The village has been documented by National Geographic (2013) as part of its Blue Zones research, by Bloomberg and Forbes (both 2022) covering the ongoing longevity studies, and most significantly by Dr. Valter Longo of the USC Longevity Institute — who spent childhood summers in Molochio and has conducted formal research there.

In the landmark 2014 Cell Metabolism study led by Longo and colleagues, a low-protein, plant-based diet rich in olive oil was associated with significantly lower IGF-1 levels and reduced all-cause mortality in people under 65. The study drew on dietary patterns from populations including Molochio. The researchers found that protein restriction mimicking traditional Mediterranean habits — with olive oil as the primary fat — was linked to a 74% lower relative risk of mortality from all causes in middle-aged adults.

Levine ME et al., "Low Protein Intake Is Associated with a Major Reduction in IGF-1, Cancer, and Overall Mortality in the 65 and Younger but Not Older Population." Cell Metabolism, 2014. DOI: 10.1016/j.cmet.2014.02.006

Longo later formalized this research through the Fasting Mimicking Diet and his longevity company L-Nutra — which uses specific, verified extra virgin olive oil in its protocols. Deliba supplies olive oil to L-Nutra in both US and EU markets. This is not a marketing claim. It is a supply relationship built on verified quality and shared origin.

The connection between Molochio and documented longevity outcomes is the single most defensible positioning in the US olive oil market. No brand based in California can claim this origin. No brand sourcing from multiple regions can claim this specificity. Read the full story of the village behind our olive oil →

A 2022–2023 randomized clinical trial conducted in Molochio and neighboring Varapodio further examined the relationship between traditional dietary patterns and biological age markers in elderly residents.
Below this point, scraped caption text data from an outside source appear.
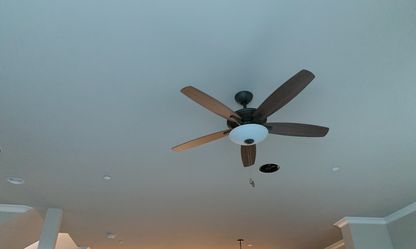 Modern Ceiling Fan With Light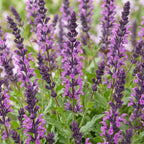 Salvia nemorosa 'Sense Deep Pink' (stäppsalvia) – rosa – 24 plantor, Ø11 cm, 15–25 cm hög
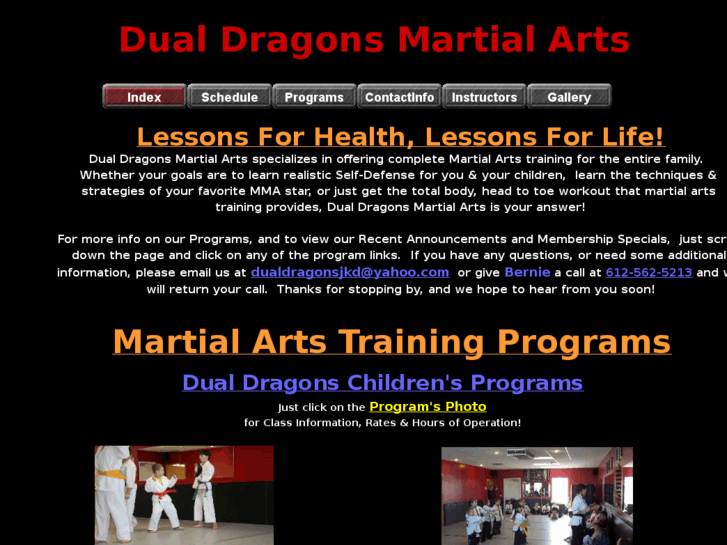 www.dualdragonsmartialarts.com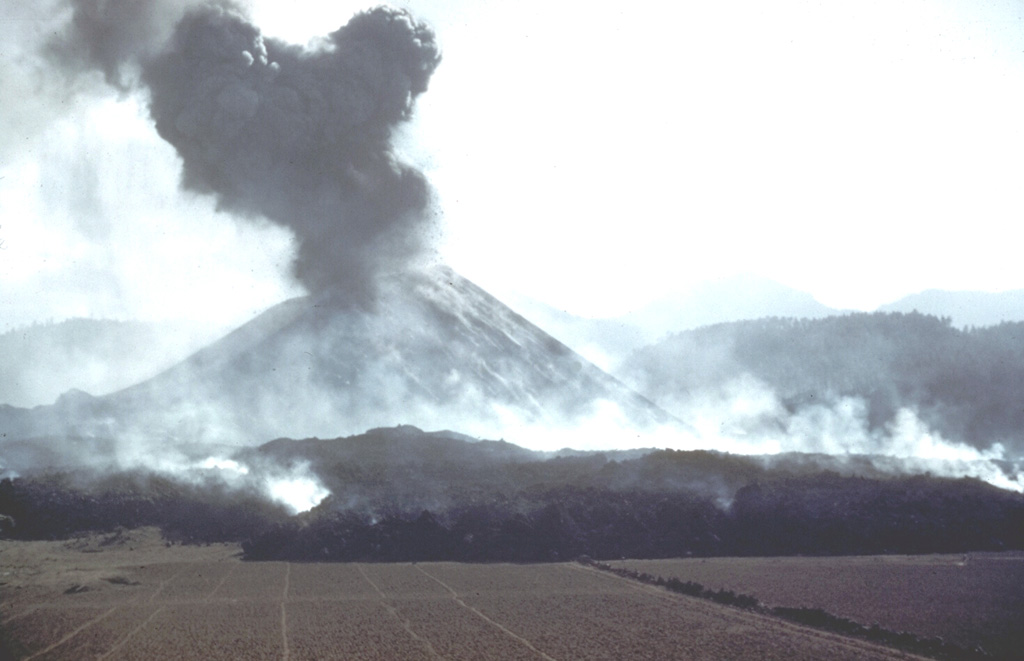 The first lava flow from Parícutin, the Quitzocho flow, moves northward over cornfields prepared for planting. An ash plume rises from the new cone, which by the time of this photo on 25 February, the 5th day of the eruption, was already more than 150 m high. Gas plumes rise from the advancing lava flow.  Photo by Instituto de Geología, 1943 (published in Luhr and Simkin, 1993).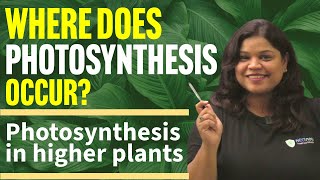 Exploring Photosynthesis Where It Happens and How It Works [upl. by Adnavoj873]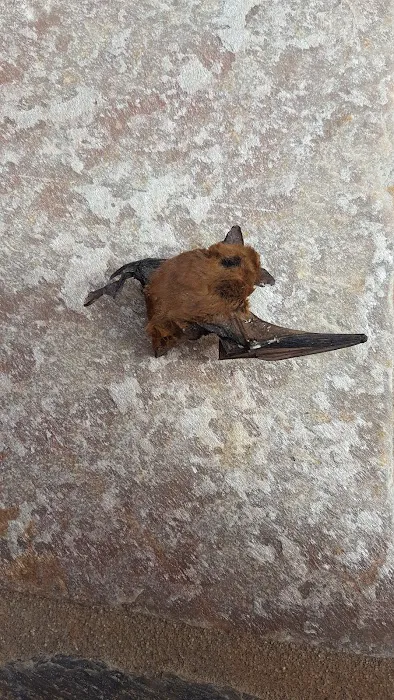 Animal Hospital of Temecula Picture 2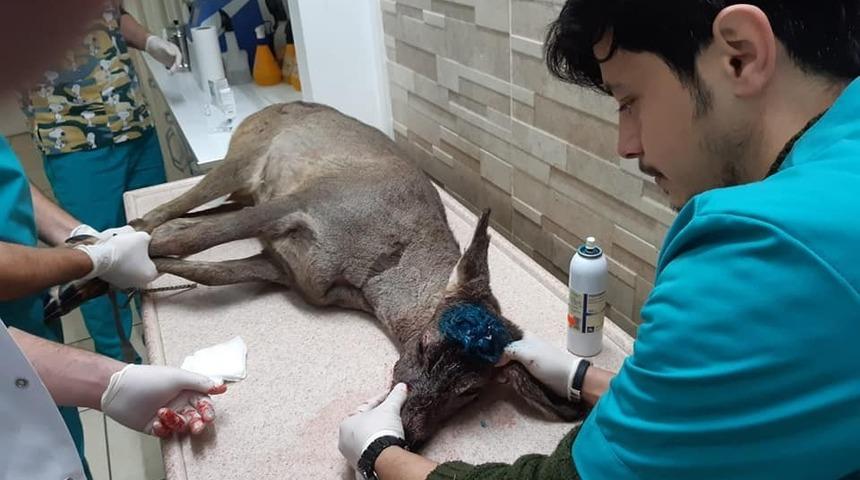 Karaca tedavi altına alındı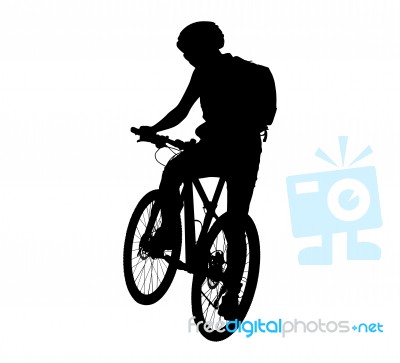 Cyclist Silhouette Scene Stock Image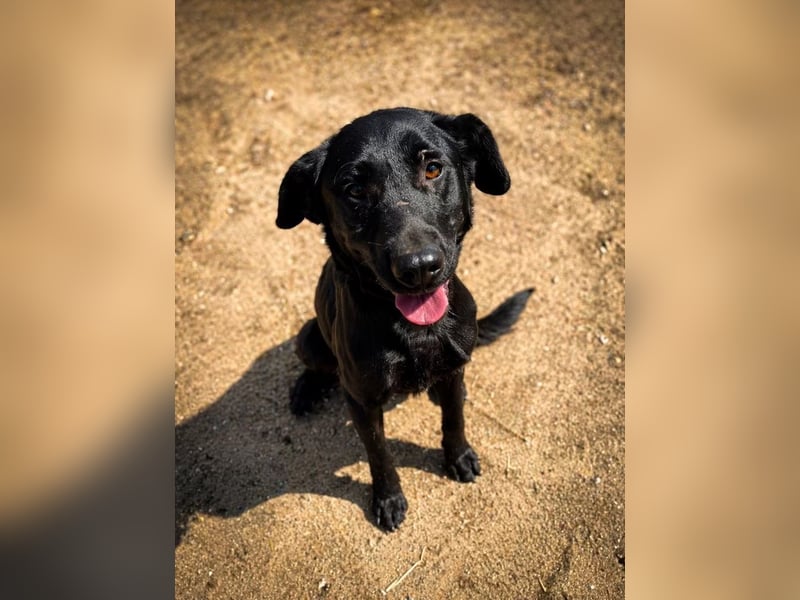 Rosi - wunderschöne Labradormix Hündin, 3 Jahre alt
Results supported the hypothesis that lifelong adherence to high-polyphenol EVOO consumption within a Mediterranean dietary pattern is associated with favorable cardiovascular and inflammatory biomarkers.

Referenced in: "Longevity in Molochio, Calabria — Research and Worldwide Coverage" (Deliba internal documentation, 2024)
Ottobratico olive branch with green fruit at harvest time — Molochio, Southern Italy, October 2025
Mechanism

What Polyphenols Actually Do — and Why It Matters for Aging

The longevity benefits attributed to extra virgin olive oil are not simply about fat composition. The Mediterranean diet has been studied extensively, and the PREDIMED trial — a large-scale randomized controlled trial published in the New England Journal of Medicine — found that supplementing with EVOO reduced major cardiovascular events by approximately 30% compared to a low-fat control diet.

The PREDIMED study randomized over 7,000 participants at high cardiovascular risk. Those assigned to a Mediterranean diet supplemented with extra virgin olive oil showed a 30% relative risk reduction in major cardiovascular events over a median follow-up of 4.8 years, compared to the control group.

Estruch R et al., "Primary Prevention of Cardiovascular Disease with a Mediterranean Diet." New England Journal of Medicine, 2013. DOI: 10.1056/NEJMoa1200303

The active compounds responsible are primarily oleocanthal and oleacein — two phenolic compounds found at significant concentrations only in fresh, high-quality EVOO. Oleocanthal inhibits the same COX-1 and COX-2 enzymes targeted by ibuprofen, which is why high-polyphenol oil produces a characteristic peppery sensation at the back of the throat — not a flaw, but a biomarker of activity.

Oleocanthal — natural COX inhibitor

Inhibits cyclooxygenase enzymes (COX-1 and COX-2) — the same mechanism as ibuprofen. First identified in 2005 research published in Nature. The throat scratch is the signal.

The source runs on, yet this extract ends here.